What you need to know:

  • Her classic film performances include Yvette in John Singleton’s Baby Boy, Shug in Hustle and Flow, Verney in the biographical Talk to Me, Terry in No Good Deed.
  • Others are NASA mathematician Katherine Johnson in the biopic Hidden Figures, and Queenie in The Curious Case of Benjamin Button, which secured her a 2008 Oscar nomination.

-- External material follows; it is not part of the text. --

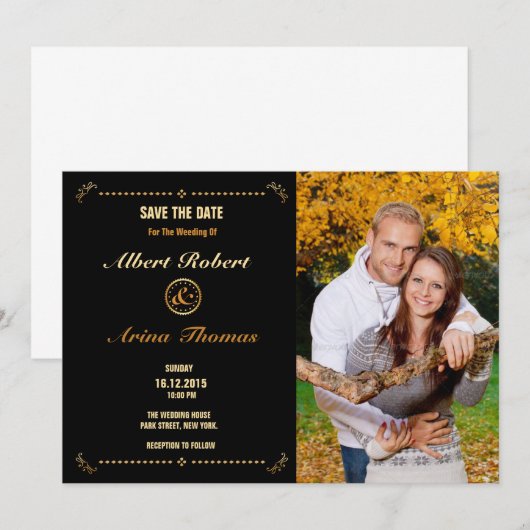 Trouwkaart Save The Date Sjabloon Kaart (Voorkant / Achterkant)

Taraji Penda Henson is an Academy Award and Emmy-nominated actress, who starred as the iconic Cookie Lyon in the hit Fox television series Empire, attaining a Golden Globe Award. She is the first black actress to win the Critics’ Choice Television Award for Best Actress in a drama series.

Her classic film performances include Yvette in John Singleton’s Baby Boy, Shug in Hustle and Flow, Verney in the biographical Talk to Me, Terry in No Good Deed, NASA mathematician Katherine Johnson in the biopic Hidden Figures, and Queenie in The Curious Case of Benjamin Button, which secured her a 2008 Oscar nomination.

In May 7, 1995, as a 26-year-old single mother, Taraji collected her Bachelor of Fine Art at Howard University School of the Arts, in Washington DC, with her infant baby Marcell, in her arms.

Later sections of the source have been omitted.